Search code examples
pythonbinary-search-tree

Deletion in BST (python) | unexpected additional deletions?


def delete(node, key):
  if not node: return None 

  # Wrong node, search correct child
  if key < node.data:
    delete(node.left, key)
  elif key > node.data:
    delete(node.right, key)

  # Correct node found
  else: 
    #1. node has no children 
    if not (node.left and node.right): return None
    #2. node has only left child 
    if node.left and not node.right: return node.left
    #3. node has only right child
    if not node.left and node.right: return node.right
    
    #4. node has both left & right children
      ## Need to replace current value with next biggest value
      ## So go right once then all left to end
      ## Once this value is found, assign to appropriate position
      ## Then remove this val from its previous position 
    temp = node.right 
    while temp.left: temp = temp.left 
    node.data = temp.data 
    node.right = delete(node.right, temp.data) 


t = BinaryTree([100, 50, 200, 25, 75, 350])
delete(t.root, 100)

I think that this BST deletion code mostly works, but it's a little buggy. If I delete the root node, 100, then 350 will be missing, following, given the BST, t = BinaryTree([100, 50, 200, 25, 75, 350]).

What is going on here? I'm not sure why 350 has been deleted in the process. I'm wondering if it's related to how I replace the node value upon successful deletion.

Optional but possibly helpful context

class BinaryTreeNode:
    def __init__(self, data):
        self.data = data
        self.left = None
        self.right = None

class BinaryTree:
    def __init__(self, *args):
        if len(args) < 1:
            self.root = None
        elif isinstance(args[0], int):
            self.root = BinaryTreeNode(args[0])
        else:
            self.root = None
            for x in args[0]:
                self.insert(x)

   def insert(self, node_data):
        new_node = BinaryTreeNode(node_data)
        if not self.root:
            self.root = new_node
        else:
          # root has no parent, so assign none for 1st iteration 
            parent = None
            temp_pointer = self.root
            while temp_pointer:
              # update parent
                parent = temp_pointer
                
                #update temp_pointer to left or right child
                if node_data <= temp_pointer.data:
                    temp_pointer = temp_pointer.left
                else:
                    temp_pointer = temp_pointer.right
            # eventually, temp_pointer will point to None, exiting while loop        
            # assign to left or right child as appropriate
            if node_data <= parent.data:
                parent.left = new_node
            else:
                parent.right = new_node

Solution

  • There are a few issues:

    • As delete is designed to return a node reference or None, you should make sure not to ignore that returned reference. You did it right near the end of your function (node.right = delete(node.right, temp.data)), but elsewhere delete is called without regards of the returned reference. So:

      • The initial call in the main program should look like this:

        t.root = delete(t.root, 100)
        

        This will ensure that the root attribute is set to None when the last node has been deleted from the tree.

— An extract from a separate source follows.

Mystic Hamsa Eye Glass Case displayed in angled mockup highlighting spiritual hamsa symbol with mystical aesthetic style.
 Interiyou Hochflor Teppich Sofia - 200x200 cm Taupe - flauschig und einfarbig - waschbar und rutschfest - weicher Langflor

      • The recursive call in the first if block should be:

        node.left = delete(node.left, key)
        
      • And similarly in the second block:

        node.right = delete(node.right, key)
        
    • The function delete should always return a node reference after a recursive call has been made, yet this is missing in many of your cases, so add at the very bottom of your function a kind of "catch all" and return the current reference you have:

      return node
      
    • The condition for identifying a leaf node is wrong. The and should be a or:

      if not (node.left or node.right): return None
      

    The corrected code -- comments indicate changes:

    def delete(node, key):
      if not node: return None 
    
      if key < node.data:
        node.left = delete(node.left, key)  # assign back!
      elif key > node.data:
        node.right = delete(node.right, key)  # assign back!
    
      else: 
        if not (node.left or node.right): return None  # condition corrected
        if node.left and not node.right: return node.left
        if not node.left and node.right: return node.right
        temp = node.right 
        while temp.left: temp = temp.left 
        node.data = temp.data 
        node.right = delete(node.right, temp.data) 
      return node  # always return a node when a recursive call was made
    
    t = BinaryTree([100, 50, 200, 150, 175, 25, 75, 350])
    t.root = delete(t.root, 350)  # assign back!
    

    Considerations

    Not a problem in the algorithm, but it is a good habit to put the body of an if or while statement on the next line, indented

    This function would better be a method on the BinaryTree class -- then the main program should not have to worry about getting/setting the root attribute -- and most of the function's (recursive) logic could be implemented as a method on the BinaryTreeNode class.